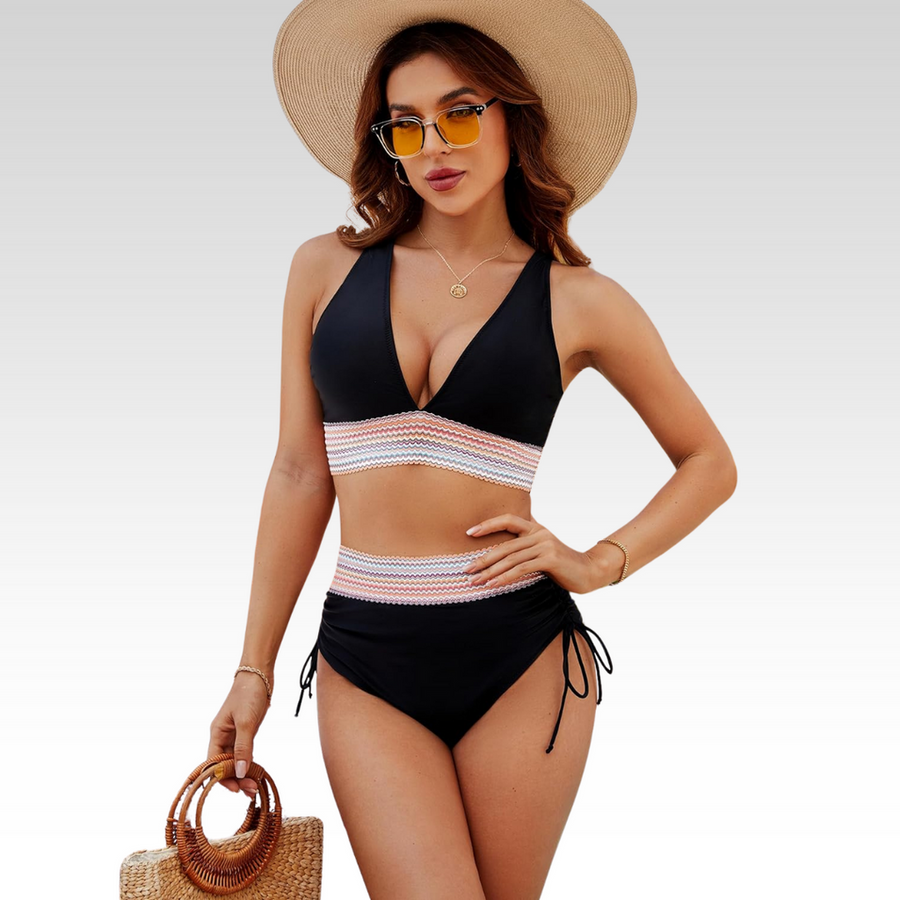 ELARA® | Korygujące bikini wyszczuplające brzuch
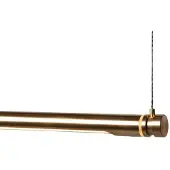 Fritz Hansen Hanglampe , Goud / Messing, Woonkamer, Messing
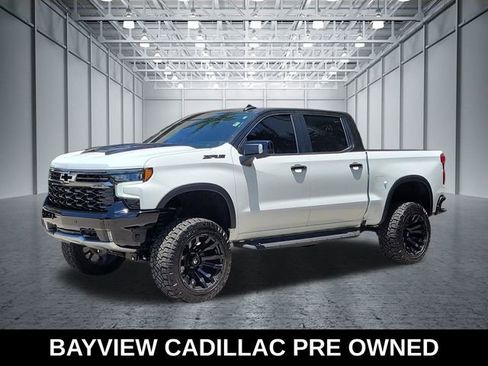 Used 2026 Chevrolet Silverado 1500 ZR2 w/ Dark Appearance Package AWD/4WD image 1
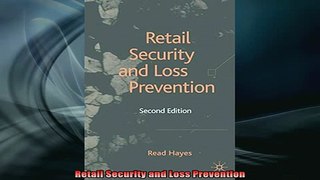 READ book  Retail Security and Loss Prevention Full Free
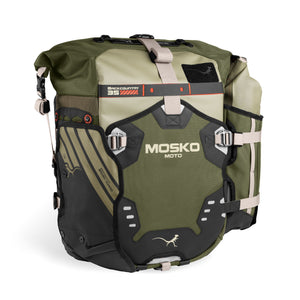 Mosko Moto Luggage Backcountry Pannier Kit (V2.5)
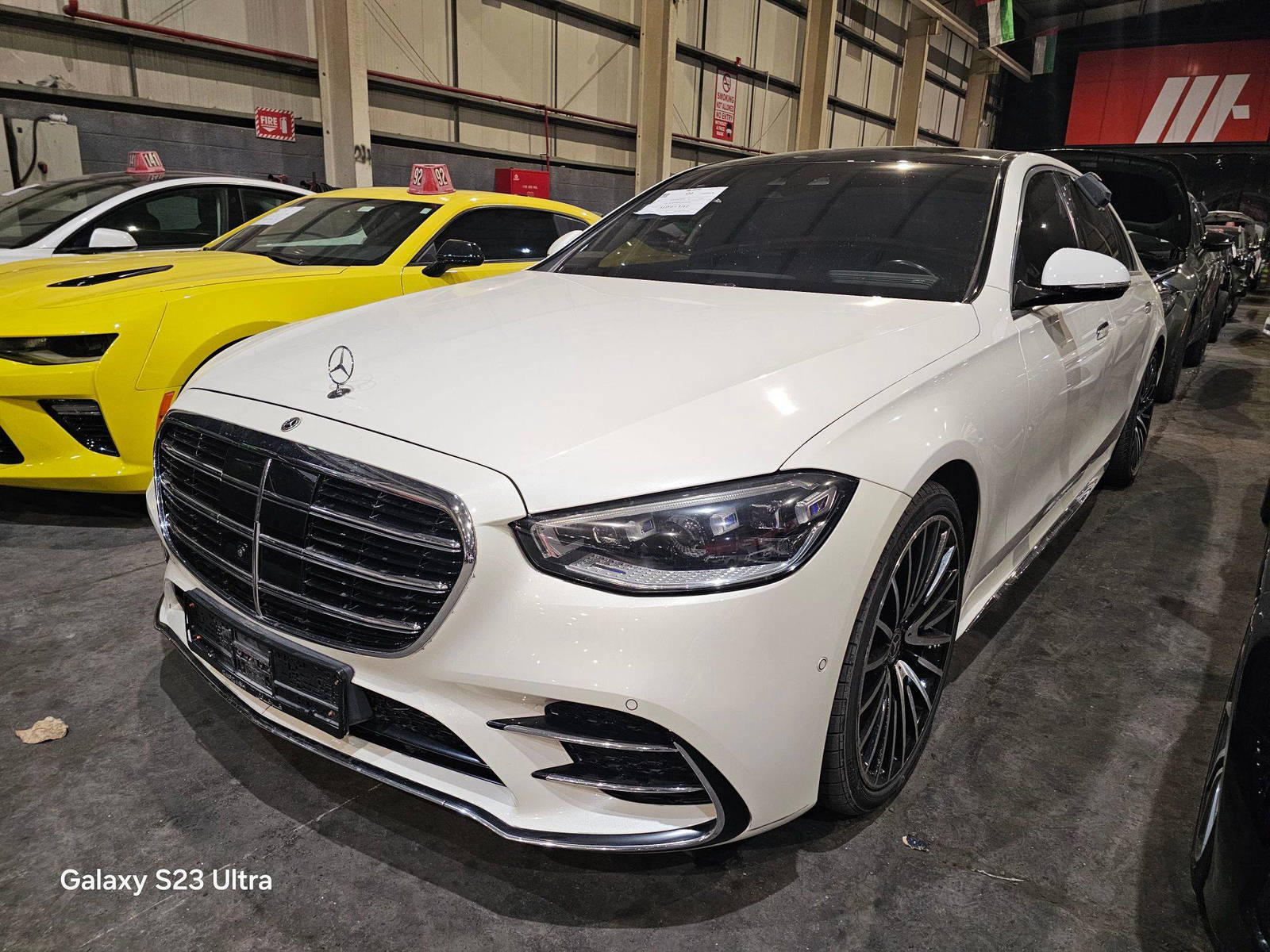 2023 MERCEDES BENZ S 500 — 74955 KM — Lot PA182550 — Main - Marhaba Auctions Used Cars - Image 3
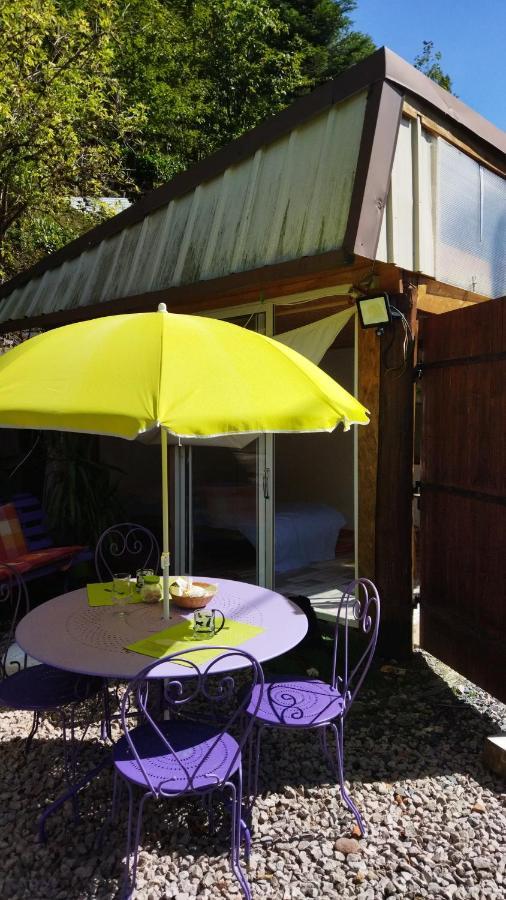 Hotel Abri De Jardin Amenage, Chambre Camping Glamour Lalaye Esterno foto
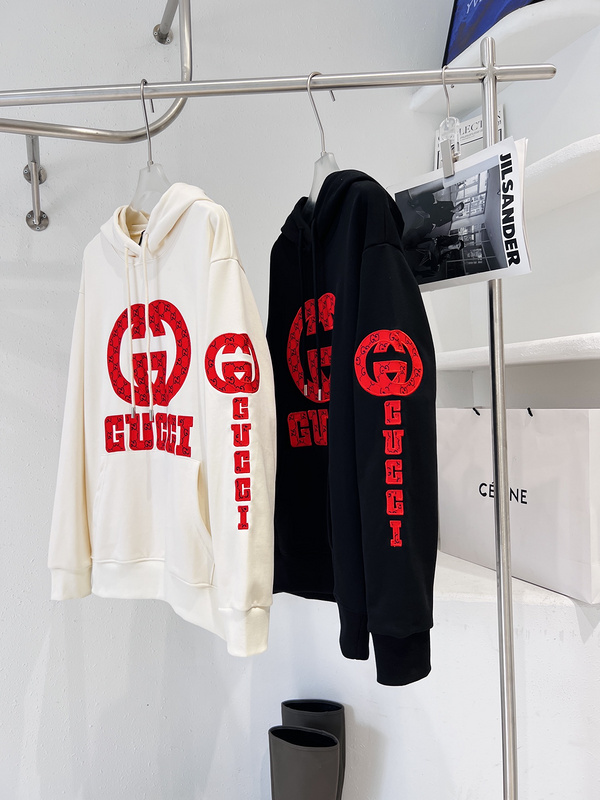 Худи Gucci With Big Logo "Black" фото № 6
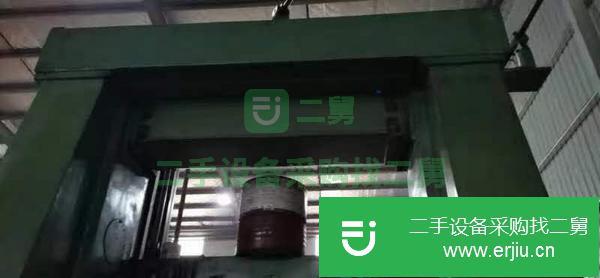 江蘇出售二手恒升數(shù)控雙柱立式車床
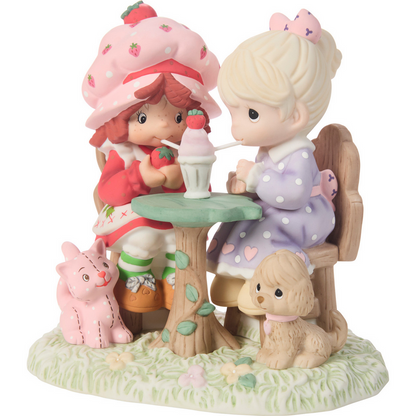 Berry Best Friends Strawberry Shortcake Precious Moments Figurine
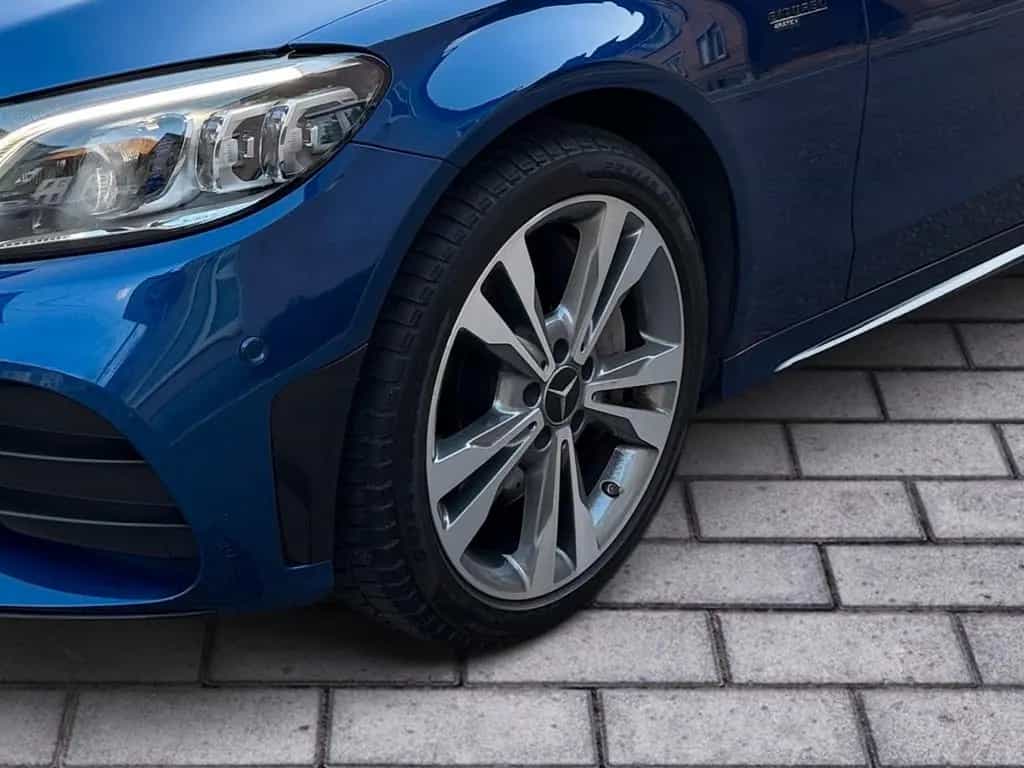 Mercedes-Benz C-Class 400 4Matic AMG LINE/BURMESTER/MEM/360/SHZ/ACC 12/2018-photo-6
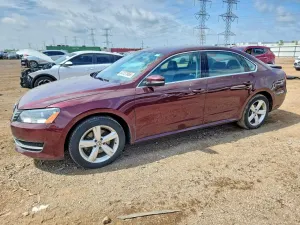 Volkswagen Passat 2.5L 5 2013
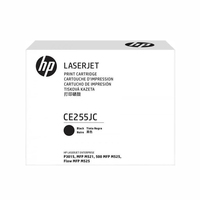 Картридж лазерный HP 55J/CE255JC, чер...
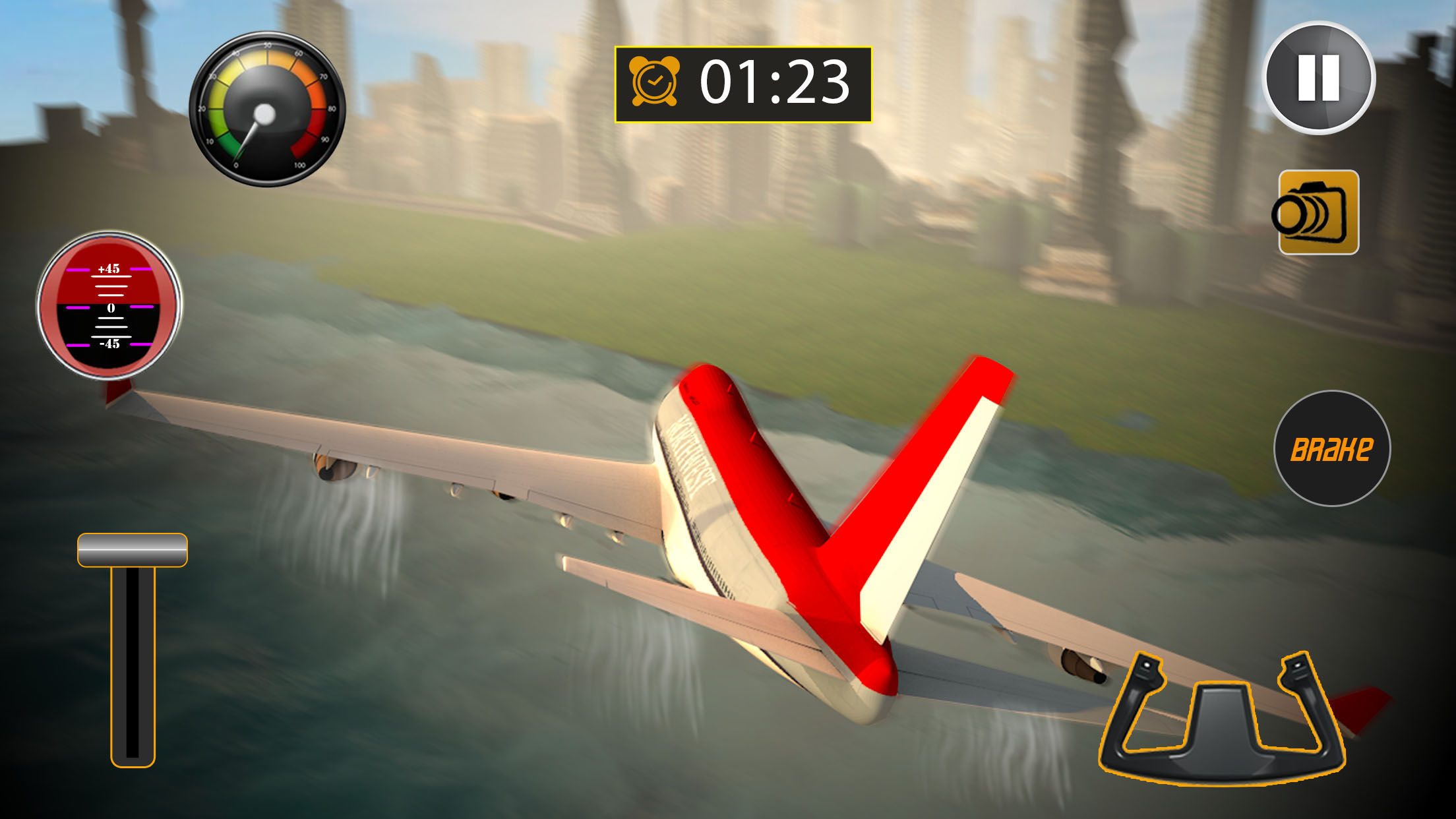 飞行员3d飞行模拟器2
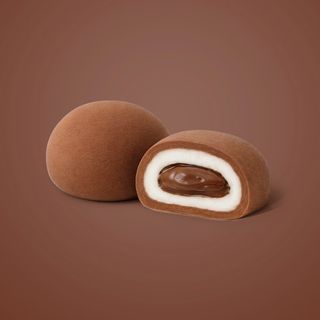 Банан, нутеллла
mochi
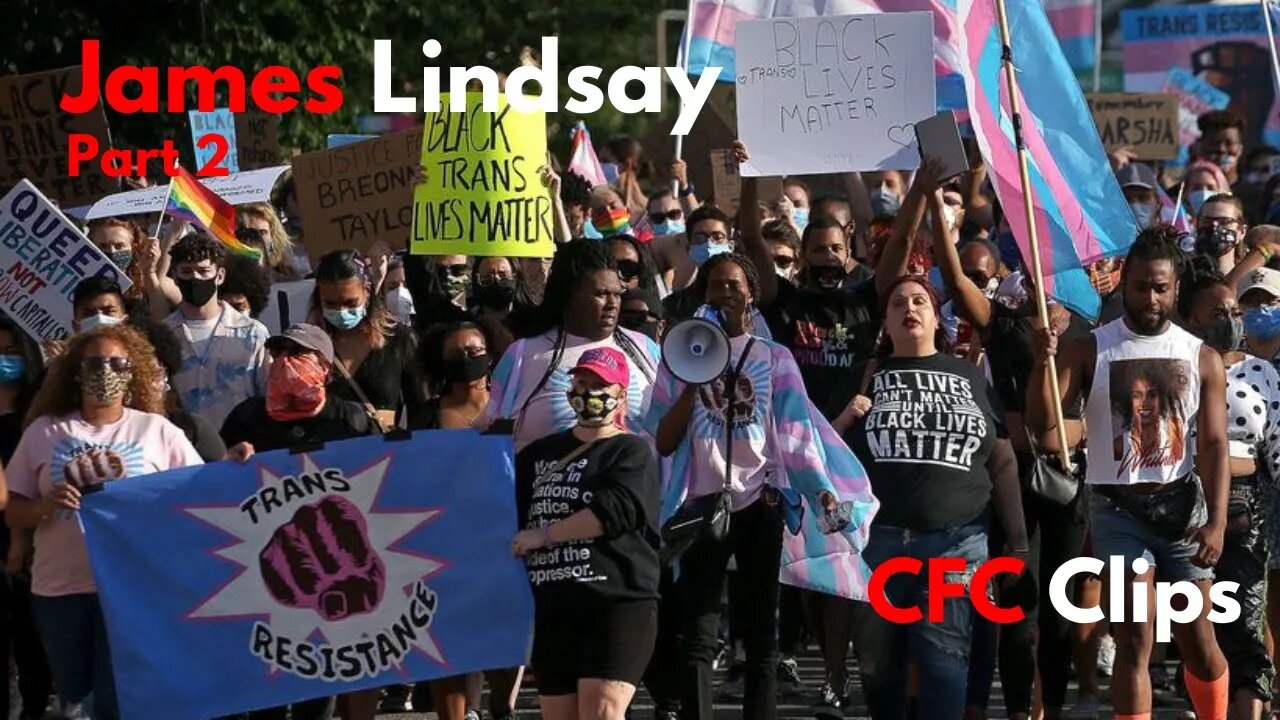 CFC Clips: James Lindsay part 2, the "Transfloyd" movement and how to stop it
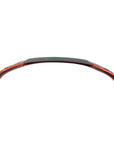 2021+ | Model S Viento Front Lip Spoiler - Real Molded Carbon Fiber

· · ·

**Exercise description:** In the data, the line that contains "Fritz Hansen Hanglampe" begins the part to write out; restate it and each line after it word for word through the end, with no pictures.

**The answer:**
 Fritz Hansen Hanglampe , Goud / Messing, Woonkamer, Messing
 Used 2026 Chevrolet Silverado 1500 ZR2 w/ Dark Appearance Package AWD/4WD image 1
 READ book  Retail Security and Loss Prevention Full Free
 Mosko Moto Luggage Backcountry Pannier Kit (V2.5)
 2023 MERCEDES BENZ S 500 — 74955 KM — Lot PA182550 — Main - Marhaba Auctions Used Cars - Image 3
 Hotel Abri De Jardin Amenage, Chambre Camping Glamour Lalaye Esterno foto
 Худи Gucci With Big Logo "Black" фото № 6
 江蘇出售二手恒升數(shù)控雙柱立式車床
 Berry Best Friends Strawberry Shortcake Precious Moments Figurine
 Mercedes-Benz C-Class 400 4Matic AMG LINE/BURMESTER/MEM/360/SHZ/ACC 12/2018-photo-6
 Volkswagen Passat 2.5L 5 2013
 Картридж лазерный HP 55J/CE255JC, чер...
 飞行员3d飞行模拟器2
 Банан, нутеллла
mochi
 CFC Clips: James Lindsay part 2, the "Transfloyd" movement and how to stop it
 2021+ | Model S Viento Front Lip Spoiler - Real Molded Carbon Fiber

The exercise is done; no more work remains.